Calculating pOH Directly from Hydroxide Concentration
The most direct method for determining the \(\text{pOH}\) of a solution is by measuring the concentration of hydroxide ions. This calculation uses the formula \(\text{pOH} = -\log[\text{OH}^-]\). The brackets \([\text{OH}^-]\) represent the concentration of the ion in moles per liter, or molarity (\(\text{M}\)).
For instance, consider a solution where the concentration of \(\text{OH}^-\) is \(1.0 \times 10^{-5} \text{ M}\). Applying the negative logarithm function to this value yields a result of \(5.0\). A solution with this concentration has a \(\text{pOH}\) of \(5.0\).

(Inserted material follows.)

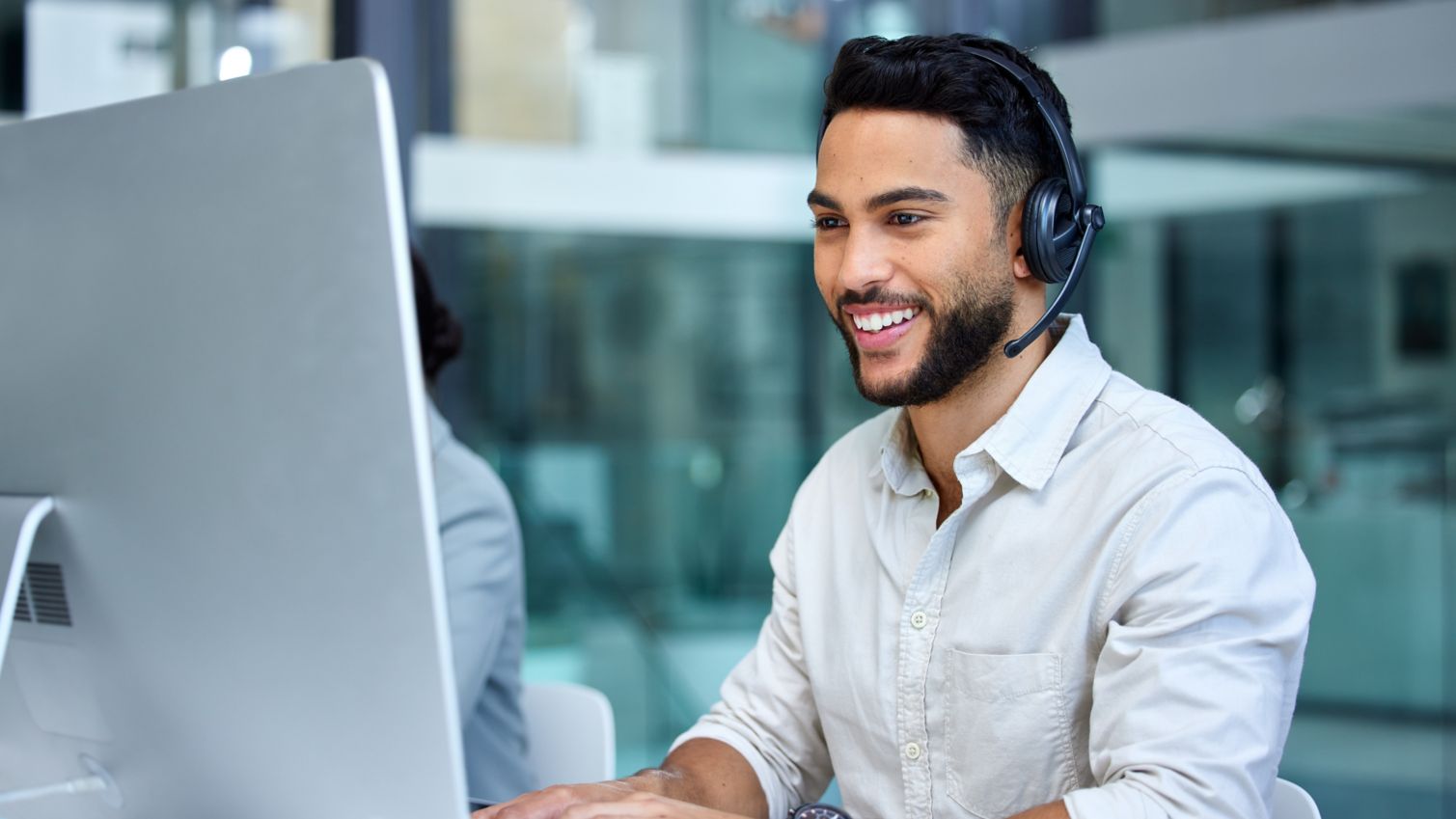 Man at call center and web support communication at a computer in a office. Phone conversation, smile and male worker with contact us, crm and customer service job in a consulting agency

For another example, if a strong base solution yields an \([\text{OH}^-]\) of \(4.82 \times 10^{-5} \text{ M}\), the calculation is \(\text{pOH} = -\log(4.82 \times 10^{-5})\). Entering this into a scientific calculator gives a \(\text{pOH}\) value of \(4.32\). Lower \(\text{pOH}\) numbers correspond to higher basicity.
Calculating pOH from pH
If the \(\text{pH}\) of an aqueous solution is already known, the \(\text{pOH}\) can be calculated using a simple algebraic relationship. This method relies on the fact that the sum of \(\text{pH}\) and \(\text{pOH}\) is a constant value in water-based systems. At the standard temperature of \(25^{\circ}\text{C}\), this constant sum is \(14.00\).
The relationship can be expressed as the formula \(\text{pH} + \text{pOH} = 14.00\). To isolate the \(\text{pOH}\) value, the formula can be rearranged to \(\text{pOH} = 14.00 – \text{pH}\). This equation allows for a quick conversion between the two scales without needing to calculate ion concentrations.
For instance, consider a solution with a measured \(\text{pH}\) of \(8.5\). Applying the conversion formula, the \(\text{pOH}\) is calculated as \(14.00 – 8.5\), resulting in a \(\text{pOH}\) of \(5.5\). Similarly, a more acidic solution with a \(\text{pH}\) of \(4.0\) would have a \(\text{pOH}\) of \(10.0\).
This calculation illustrates the inverse nature of the two scales: as the \(\text{pH}\) value increases, the corresponding \(\text{pOH}\) value decreases. The constant sum of \(14.00\) ensures that a change in the concentration of one ion is always balanced by an opposite change in the other. This simple subtraction is often the quickest path to finding \(\text{pOH}\) when a \(\text{pH}\) meter reading is available.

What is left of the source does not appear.